Short web captions:
◆ ◆ ◆ ◆ ◆ ◆ ◆
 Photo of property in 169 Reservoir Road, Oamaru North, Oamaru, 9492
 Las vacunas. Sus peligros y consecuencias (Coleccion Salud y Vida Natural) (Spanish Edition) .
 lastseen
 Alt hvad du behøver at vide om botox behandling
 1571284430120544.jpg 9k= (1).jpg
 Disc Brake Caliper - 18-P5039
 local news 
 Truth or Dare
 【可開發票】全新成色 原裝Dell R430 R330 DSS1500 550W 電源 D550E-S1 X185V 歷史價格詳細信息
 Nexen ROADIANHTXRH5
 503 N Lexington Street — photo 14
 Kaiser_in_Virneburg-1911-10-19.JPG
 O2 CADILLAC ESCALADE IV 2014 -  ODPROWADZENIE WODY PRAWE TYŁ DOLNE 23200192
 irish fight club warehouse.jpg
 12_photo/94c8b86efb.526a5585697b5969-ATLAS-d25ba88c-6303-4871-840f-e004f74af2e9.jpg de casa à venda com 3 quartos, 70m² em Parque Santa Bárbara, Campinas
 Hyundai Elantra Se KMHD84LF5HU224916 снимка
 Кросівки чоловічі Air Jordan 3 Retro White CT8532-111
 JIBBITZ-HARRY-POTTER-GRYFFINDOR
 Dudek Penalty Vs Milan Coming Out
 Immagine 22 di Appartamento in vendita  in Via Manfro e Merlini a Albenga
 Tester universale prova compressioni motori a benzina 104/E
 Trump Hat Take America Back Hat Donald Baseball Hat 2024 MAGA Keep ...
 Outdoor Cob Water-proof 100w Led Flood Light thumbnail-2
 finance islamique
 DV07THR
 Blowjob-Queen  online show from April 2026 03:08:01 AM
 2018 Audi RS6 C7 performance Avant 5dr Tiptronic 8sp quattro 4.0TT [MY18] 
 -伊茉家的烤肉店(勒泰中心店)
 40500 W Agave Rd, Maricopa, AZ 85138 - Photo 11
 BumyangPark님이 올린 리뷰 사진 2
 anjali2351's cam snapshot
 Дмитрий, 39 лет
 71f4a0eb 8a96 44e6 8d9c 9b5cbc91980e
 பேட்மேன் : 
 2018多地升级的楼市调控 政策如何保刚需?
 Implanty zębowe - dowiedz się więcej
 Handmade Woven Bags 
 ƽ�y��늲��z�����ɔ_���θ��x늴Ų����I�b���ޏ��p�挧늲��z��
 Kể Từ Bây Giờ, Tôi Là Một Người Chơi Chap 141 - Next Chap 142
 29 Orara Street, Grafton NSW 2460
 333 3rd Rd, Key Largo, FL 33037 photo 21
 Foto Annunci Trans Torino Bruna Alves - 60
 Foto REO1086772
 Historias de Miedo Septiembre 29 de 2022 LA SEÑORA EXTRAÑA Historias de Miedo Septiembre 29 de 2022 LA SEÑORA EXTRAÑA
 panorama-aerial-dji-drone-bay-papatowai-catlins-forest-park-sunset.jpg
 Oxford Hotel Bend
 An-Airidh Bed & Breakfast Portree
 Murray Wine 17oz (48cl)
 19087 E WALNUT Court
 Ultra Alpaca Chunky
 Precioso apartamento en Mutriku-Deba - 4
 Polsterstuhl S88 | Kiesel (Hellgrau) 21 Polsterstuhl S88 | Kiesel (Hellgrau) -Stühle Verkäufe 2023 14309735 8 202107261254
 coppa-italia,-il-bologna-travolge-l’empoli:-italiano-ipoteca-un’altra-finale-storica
◆ ◆ ◆ ◆ ◆ ◆ ◆
◆ TASK ◆
Only the lines from the one with "An-Airidh Bed & Breakfast Portree" to the end of the entries above belong in your answer. Retype them exactly.

◆ TASK SOLUTION ◆
 An-Airidh Bed & Breakfast Portree
 Murray Wine 17oz (48cl)
 19087 E WALNUT Court
 Ultra Alpaca Chunky
 Precioso apartamento en Mutriku-Deba - 4
 Polsterstuhl S88 | Kiesel (Hellgrau) 21 Polsterstuhl S88 | Kiesel (Hellgrau) -Stühle Verkäufe 2023 14309735 8 202107261254
 coppa-italia,-il-bologna-travolge-l’empoli:-italiano-ipoteca-un’altra-finale-storica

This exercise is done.